The BSP held its benchmark overnight borrowing rate, or reverse repurchase facility rate, steady at 3.50 percent - unchanged since October 2012 - along with its overnight lending rate at 5.5 percent, and the SDA rate at 2.0 percent.
The decision to hold rates was widely expected following a statement last week by the bank governor who said there was "no urgency to change policy because inflation remains under control."
While keeping its main rates steady this year, the BSP has cut the SDA rate by 150 basis points to make it less attractive for foreign funds to park their money there, putting upward pressure on the peso. Last year the peso rose by almost 7 percent against the U.S. dollar.
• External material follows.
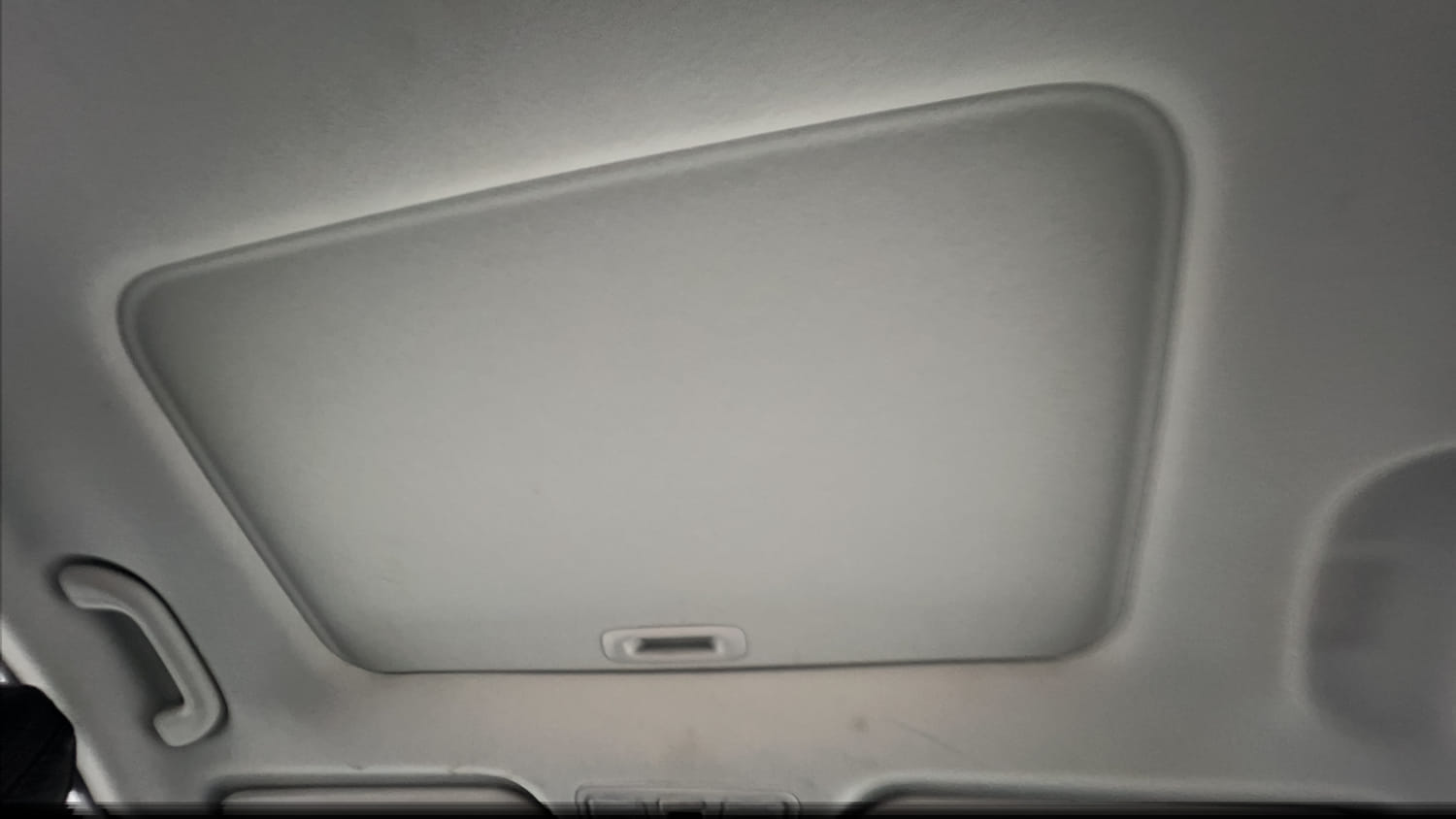 Used 2023 Hyundai i20 Asta (O) 1.2 IVT Petrol Automatic top_features Sunroof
But since early May, the peso and other emerging market currencies has come under pressure from capital outflows, dropping 7 percent against the U.S. dollar from May 10 to June 25. The lower peso tends to raise import prices, putting upward pressure on inflation.But since last June, the peso has bounced back and is now only down 5.4 percent since the start of the year, quoted at 41 peso to the U.S. dollar today.
In June the Philippine inflation rate rose slightly to 2.8 percent from 2.6 percent in May and April.
Last month the BSP also said inflation was expected to remain within the bank's target for 2013 and 2014 - 4.0 percent plus/minus one percentage point - and the 2015 target of 3.0 percent, plus/minus one percentage point.
In April the BSP forecast 2013 inflation of 3.3 percent.
The Philippine economy continues to be robust, the bank said, supported by domestic demand and buoyant market confidence, strong domestic liquidity and bank lending
Gross Domestic Product was up 2.2 percent in the first quarter from the fourth quarter for annual growth of 7.8 percent, the fastest rate since the second quarter of 2010. The government has forecast growth this year of 6-7 percent compared with 6.6 percent in 2012.